## Exercise details
Give the entries again exactly; drop the pictures.

^^^^^^^^

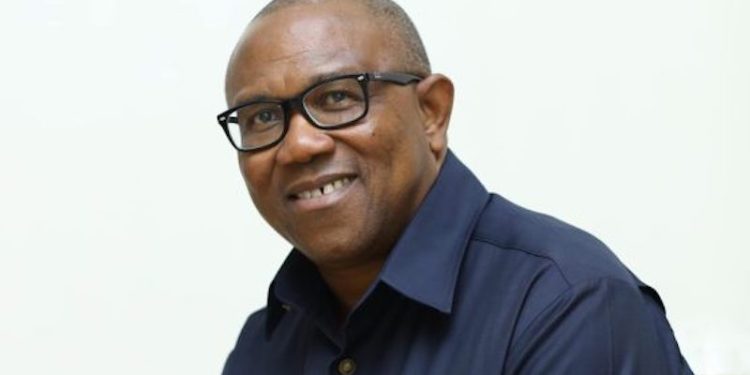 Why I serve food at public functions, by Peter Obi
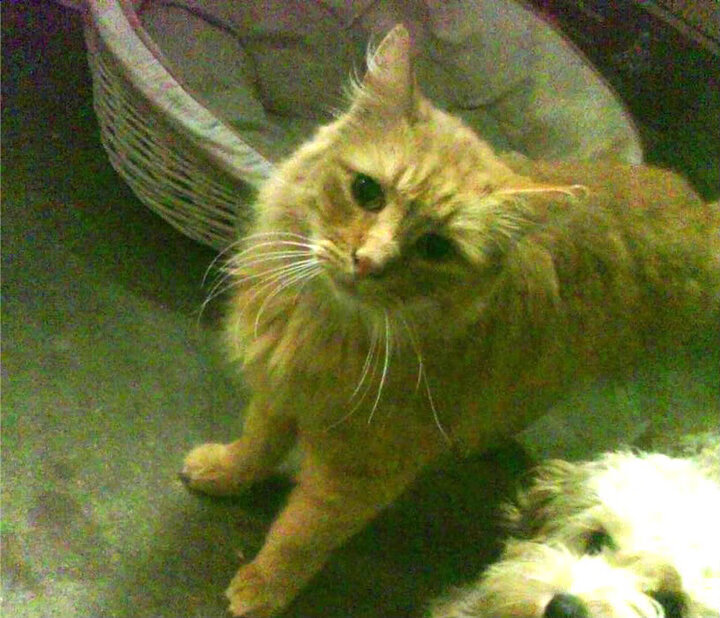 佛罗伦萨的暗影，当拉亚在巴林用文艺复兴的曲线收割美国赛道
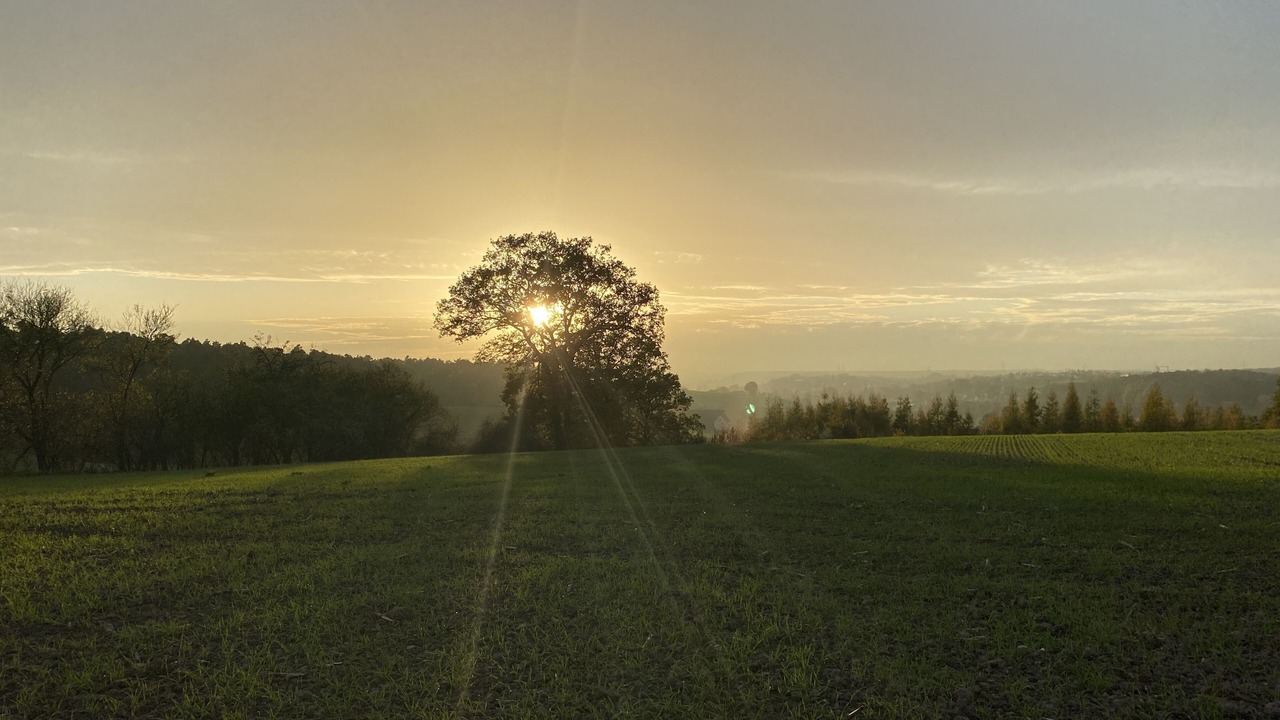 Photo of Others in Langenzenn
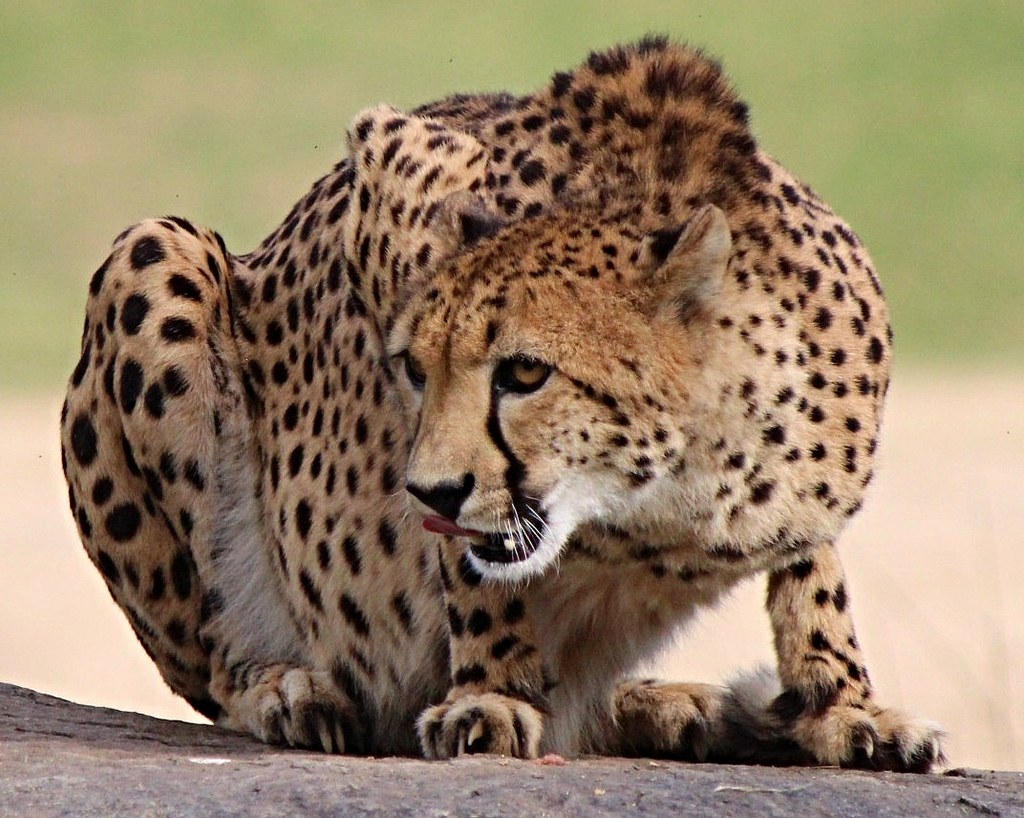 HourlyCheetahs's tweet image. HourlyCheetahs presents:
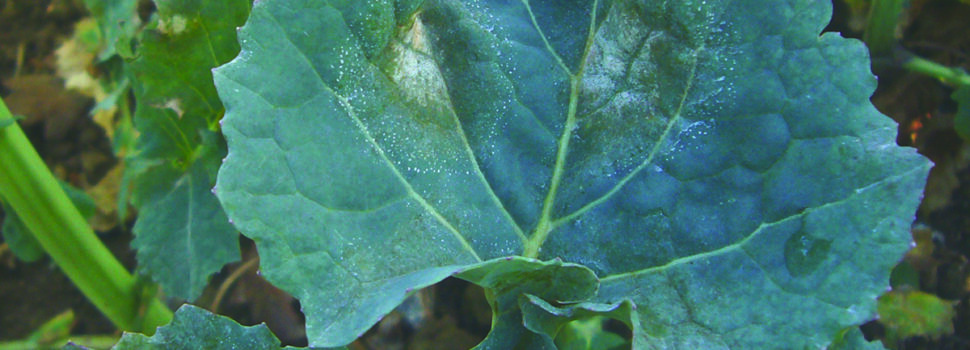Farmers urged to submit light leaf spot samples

^^^^^^^^

## Your solution
 Why I serve food at public functions, by Peter Obi
 佛罗伦萨的暗影，当拉亚在巴林用文艺复兴的曲线收割美国赛道
 Photo of Others in Langenzenn
 HourlyCheetahs's tweet image. HourlyCheetahs presents:
Farmers urged to submit light leaf spot samples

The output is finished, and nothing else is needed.